Though no egregious example has arisen of what might amount to intellectual extortion, the potential is alarming enough that the industry should be acting in concert to protect itself.

Until 1998 the general rule was that a method of doing business was not patentable. A patent-seeker had to prove that his or her submission was an invention, machine, or device. But the advent of patents on software began eroding this rule, and the landscape changed that year when the U.S. Court of Appeals for the Federal Circuit ruled in State Street Bank & Trust Co. v. Signature Financial Group Inc. that software inventions embodying business models - such as a mutual fund management model - should not be excluded from the scope of patentable subject matter.

This ruling broke the dam, leading to a string of successful patent applications that previously would have been rejected summarily.

One example - and a case study in why the industry should sit up and take notice - is a patent granted to Steven I. Weissman, a 47-year-old corporate attorney in Florida, for a credit card scheme that sounds suspiciously similar to a purchasing card system.

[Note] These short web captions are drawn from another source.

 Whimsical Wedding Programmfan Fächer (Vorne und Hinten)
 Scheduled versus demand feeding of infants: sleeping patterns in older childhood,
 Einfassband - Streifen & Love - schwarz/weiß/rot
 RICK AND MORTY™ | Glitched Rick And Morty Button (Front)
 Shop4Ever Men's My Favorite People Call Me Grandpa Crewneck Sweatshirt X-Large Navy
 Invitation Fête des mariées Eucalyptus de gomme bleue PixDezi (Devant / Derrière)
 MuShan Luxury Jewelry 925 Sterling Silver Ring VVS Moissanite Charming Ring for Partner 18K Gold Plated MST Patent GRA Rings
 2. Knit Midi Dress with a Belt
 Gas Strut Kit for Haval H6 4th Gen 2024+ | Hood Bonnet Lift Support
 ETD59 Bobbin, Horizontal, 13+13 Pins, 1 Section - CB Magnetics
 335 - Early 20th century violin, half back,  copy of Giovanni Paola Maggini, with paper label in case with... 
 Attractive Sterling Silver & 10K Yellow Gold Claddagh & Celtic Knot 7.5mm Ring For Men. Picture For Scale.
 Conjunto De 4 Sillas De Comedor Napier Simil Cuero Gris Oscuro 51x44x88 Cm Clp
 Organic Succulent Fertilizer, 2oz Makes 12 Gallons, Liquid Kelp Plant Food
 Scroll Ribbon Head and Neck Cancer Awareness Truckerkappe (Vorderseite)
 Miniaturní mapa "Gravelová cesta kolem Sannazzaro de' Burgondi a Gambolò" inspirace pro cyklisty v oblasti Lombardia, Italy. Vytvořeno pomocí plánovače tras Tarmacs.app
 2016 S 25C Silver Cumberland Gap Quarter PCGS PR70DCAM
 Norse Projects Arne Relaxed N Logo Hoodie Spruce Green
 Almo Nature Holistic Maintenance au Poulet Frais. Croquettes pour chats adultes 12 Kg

As Mr. Weissman explains it, early in his practice as a lawyer it occurred to him that it would be useful to have a credit card that would keep track separately of expenses incurred for each client. If all the travel and other business-related expenses for Client A were stored on the card separately from expenses for Client B, he said, it would make billing much simpler.

As Mr. Weissman envisioned it, the credit card itself would have a keypad, display, and microprocessor chip so that the lawyer could enter a client code at the point of sale and the device could store all the information. All the lawyers working on a single case would use the same client code so that charges would be gathered in one place.

The system would be useful for people other than lawyers, Mr. Weissman said. An example he cited was property managers, who could go to a home supply store, buy lighting fixtures or toilets for various rental buildings, and charge the items to different cost centers.

Ten years ago Mr. Weissman consulted a patent lawyer about this idea and was told there was no way he could patent it. But in 1998 after Mr. Weissman read of the State Street Bank case, he went back to the patent lawyer and filed a successful application.

The patent granted Mr. Weissman, he said, covers a "system of making an allocation at the point of purchase, without really specifying how to do it." A second patent application, which Mr. Weissman said is pending, would cover the devices used to enter the billing code.

The system, which still exists only in theory, would seem to accomplish the same ends as a purchasing card system - something banks, and American Express Co., have been offering for many years. Modern purchasing cards, which do not require the use of chips, can sort and aggregate employees' business-related expenses. Some travel-and-entertainment card systems can do the same.

Nonetheless Mr. Weissman - armed with his patent - has been trying to get Visa U.S.A. and American Express, among others, to pay for his system. "The goal is to sell it or license it," he said. "I'm positive that over the next several years, as all of the systems and point-of-sale terminals are converted to smart card technology, this system is going to be in demand without my having to do anything. If one of the credit card companies obtained exclusive rights to this system, it would have a big impact in the overall marketplace."

"A company like American Express would seem to be at the most jeopardy" from his system, Mr. Weissman said. With the growing adoption of smart cards, "even if I did nothing, in five to 10 years, all the credit card companies are going to want to use it."

Mr. Weissman, who put out a homemade press release about his patent and its potential reach, said American Express, Visa, and several smart card companies that he declined to name are studying his proposal. "I've had feedback that says they've got people looking at it," he said. "I haven't found anybody who has a reason or explanation of why the system wouldn't work or isn't feasible."

The industry should be wary. Technologists say many newly granted patents seem to coincide with products or processes already established at banks. No one wants to incur a patent infringement suit for doing something that has been done unobjectionably for years, and no one wants to be coerced into paying fees to opportunists.